Problem: The required output is the lines from the one with "Picture of fruit trees" through the end of the data, repeated verbatim, with no pictures included.

Recorded data:
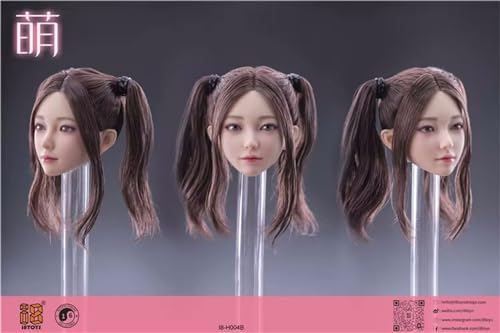 1/6}fBᓪf12C`̏ANVl`ɓKĂ (B)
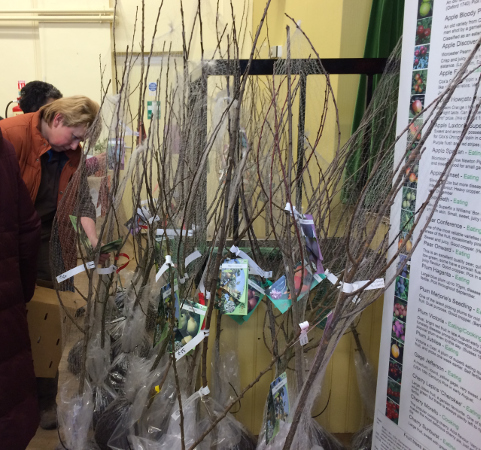 Picture of fruit trees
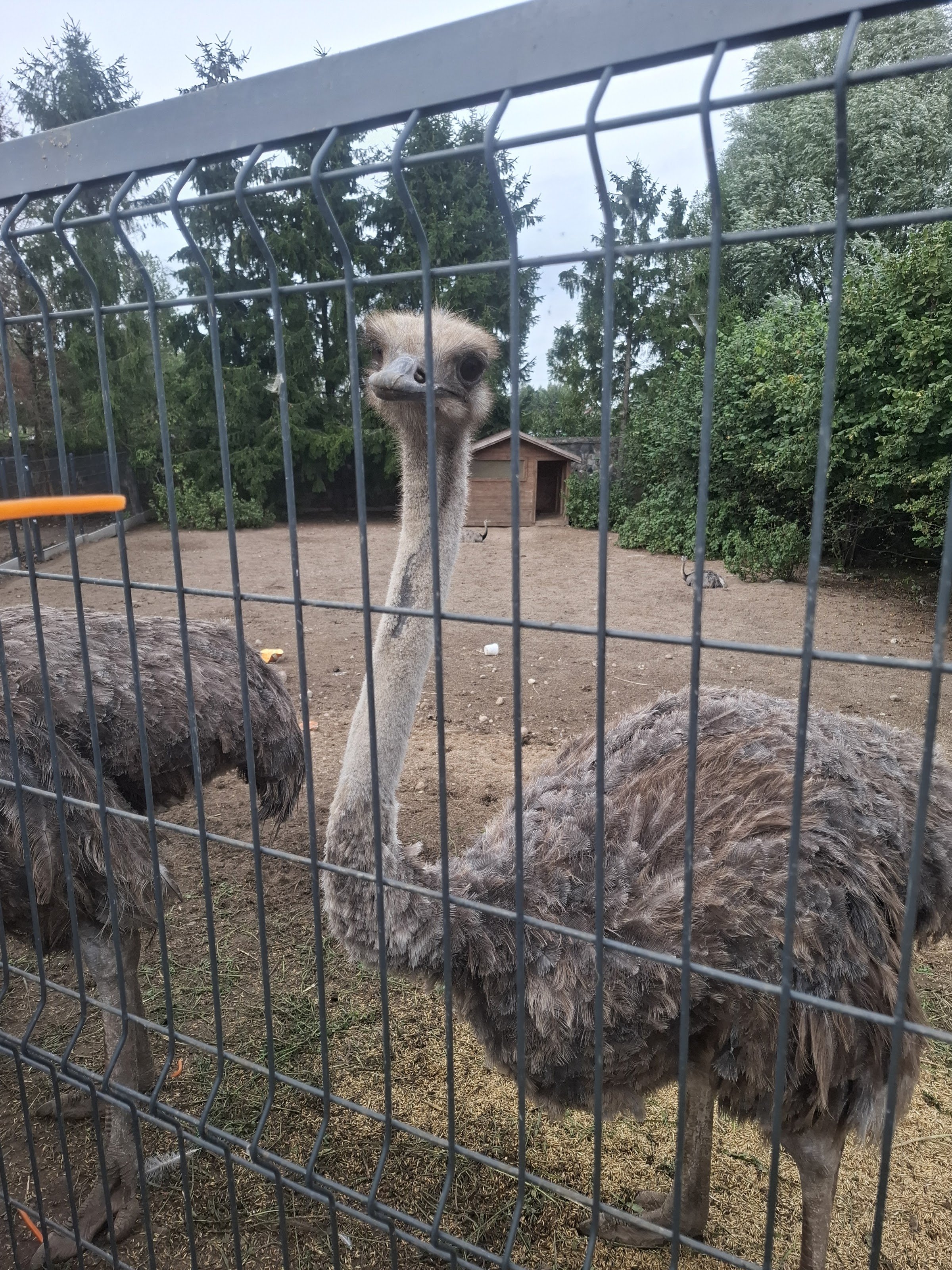 Podlaska Toskania – park zwierząt i rozrywki (Mini Zoo)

Answer:
 Picture of fruit trees
 Podlaska Toskania – park zwierząt i rozrywki (Mini Zoo)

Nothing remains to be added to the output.